Monday, August 06, 2007


The AP via CNN has an interesting article on a potential sea change in the relationship between Christian churches and crime. Rather than offering hope, solace, and redemption to those trapped in the drug war, some churches in Kentucky are beginning to track offenders and the judges who sentence them to make sure the offenders get what's coming to them:

The Rev. Doug Abner, pastor at Community Church -- whose slogan for a 2004 anti-drug march was 'get saved or get busted' -- said the presence of Court Watch volunteers puts 'mild pressure' on judges 'to do the right thing.' The volunteers collect information for a database and look for trends in drug crimes.
Not everyone is pleased:
'The churches have traditionally been the humanitarian influence in society,' said the Rev.

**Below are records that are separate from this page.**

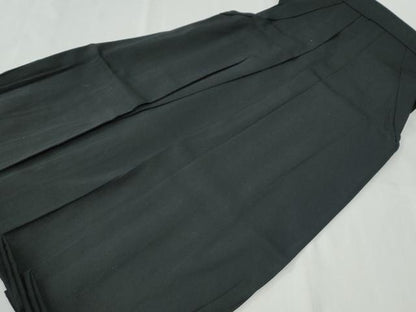 平和屋着物●女性　行灯袴　色無地　黒地　CABI2836yc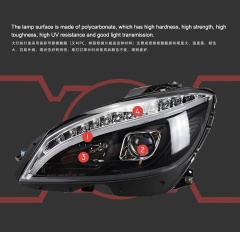 Mercedes-Benz C-CLASS Car Styling Headlights for Benz W204 LED Headlight 2007-2010 Head Lamp DRL Signal Hid Bi Xenon Angel Eyes Projector Lens Auto Accessories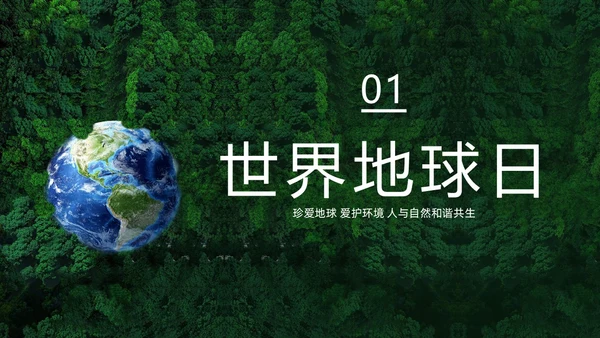 4月22日世界地球日爱护环境保护地球PPT课件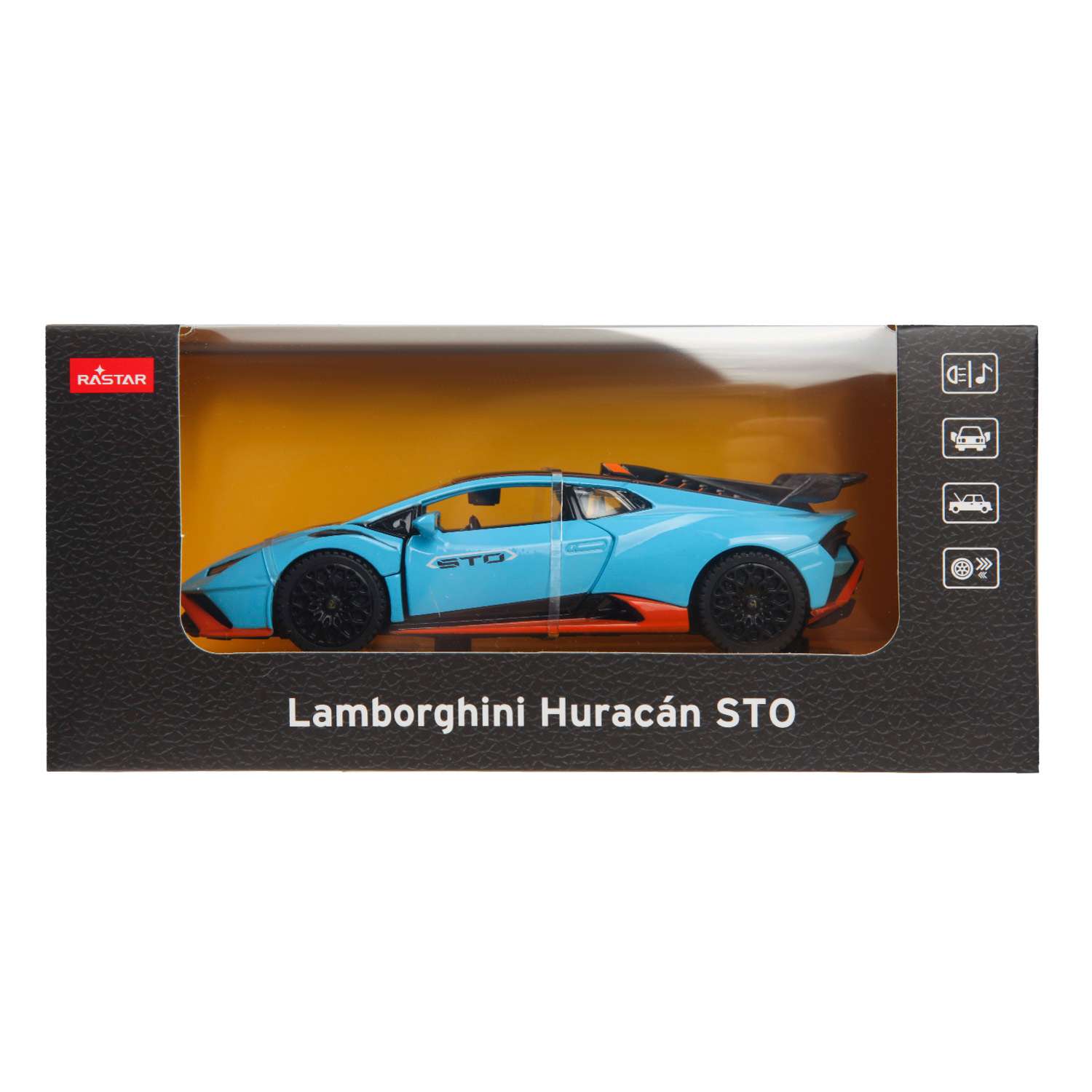 Автомобиль Rastar Lamborghini Huracan STO 1:32 64300 - фото 7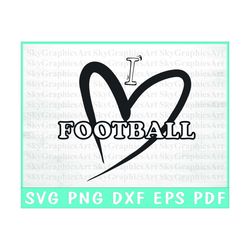 Football SVG Bundle, football ball heart svg, football svg, football svg files Cricut Silhouette,I love football svg,I l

John Rausch, director of the Catholic Committee on Appalachia.

Churches should focus on drug counseling and ministering to inmates, he said, citing part of the Gospel of Matthew (25:36) concerning the final judgment: 'When I was in prison, you came to see me.'

'It isn't 'I was up for charges and you made sure they threw the book at me,'' Rausch said.
Not surprisingly, Rev. Abner and his ilk have friends in high places. Not Jesus - the holy rollers of the drug war, the federal government:
Desperate for a solution, Becknell began to work with Operation UNITE, a federally funded drug task force that covers 29 counties in southeastern Kentucky and which created Court Watch.
Your tax dollars at work.

* What Would TJ Hooker Do?

1 comment:

Chris James said...

I bet Abner would criticize Jesus for being "soft on prostitution."

This is why non-denom churches sort of scare me. There needs to be some sort of body to reign in pastors when they start getting too big for their holy britches.